**Task:** Could every line below be transcribed exactly, with the pictures dropped?

**Input data:**
:::::
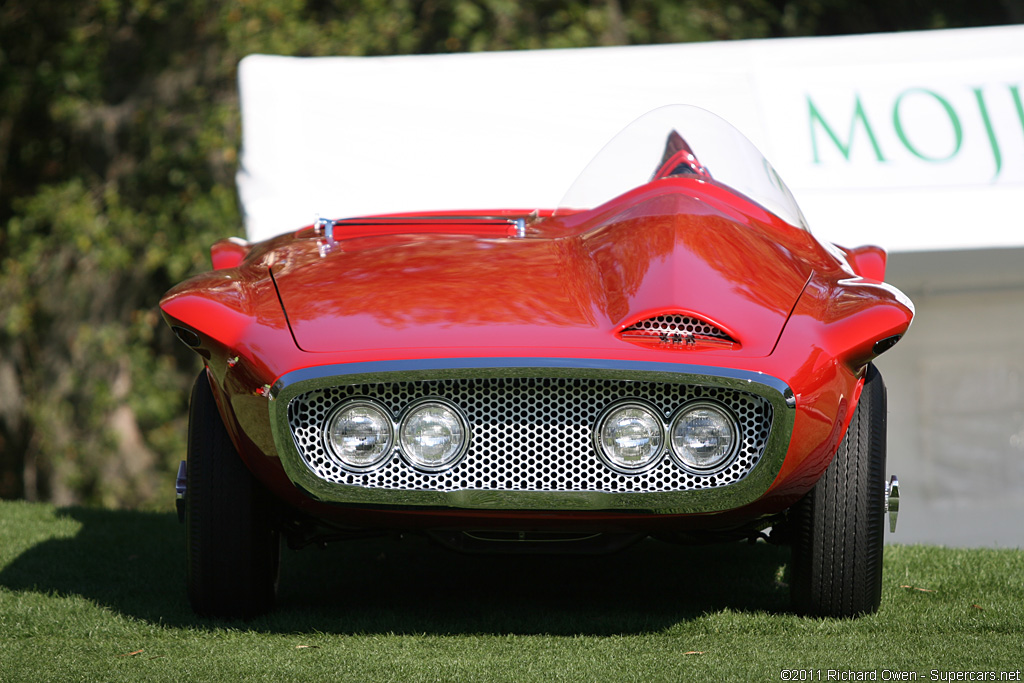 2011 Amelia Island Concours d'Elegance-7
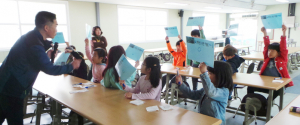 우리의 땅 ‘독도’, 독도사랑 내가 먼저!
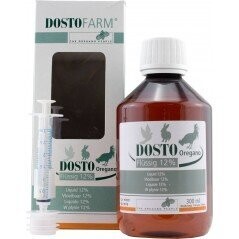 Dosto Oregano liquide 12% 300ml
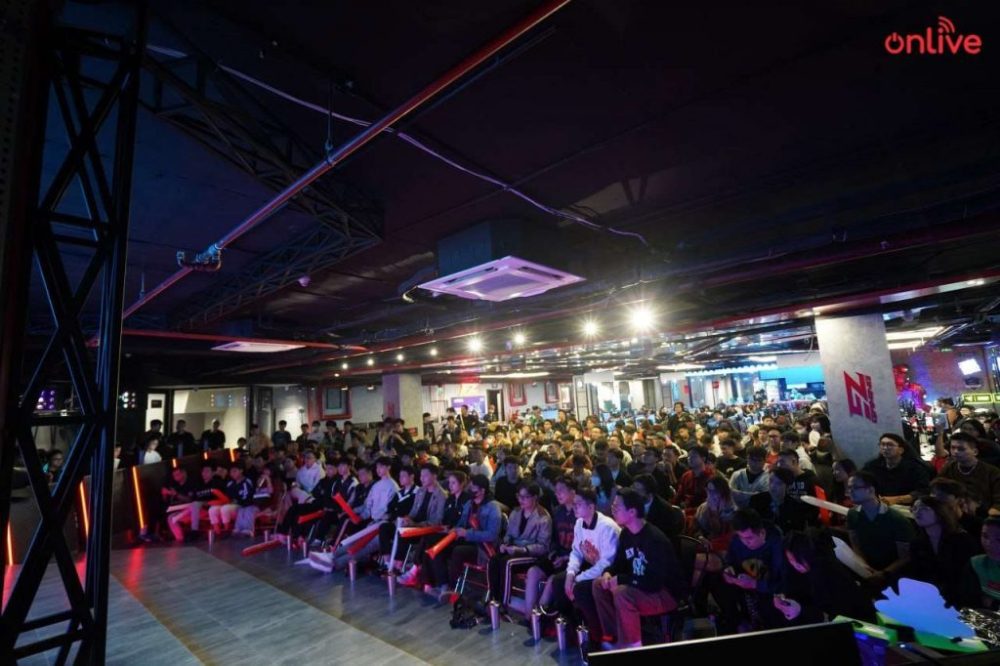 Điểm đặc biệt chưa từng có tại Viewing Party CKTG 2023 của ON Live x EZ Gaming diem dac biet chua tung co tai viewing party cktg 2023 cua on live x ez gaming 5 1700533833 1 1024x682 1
:::::
**Solution to this problem:**
 2011 Amelia Island Concours d'Elegance-7
 우리의 땅 ‘독도’, 독도사랑 내가 먼저!
 Dosto Oregano liquide 12% 300ml
 Điểm đặc biệt chưa từng có tại Viewing Party CKTG 2023 của ON Live x EZ Gaming diem dac biet chua tung co tai viewing party cktg 2023 cua on live x ez gaming 5 1700533833 1 1024x682 1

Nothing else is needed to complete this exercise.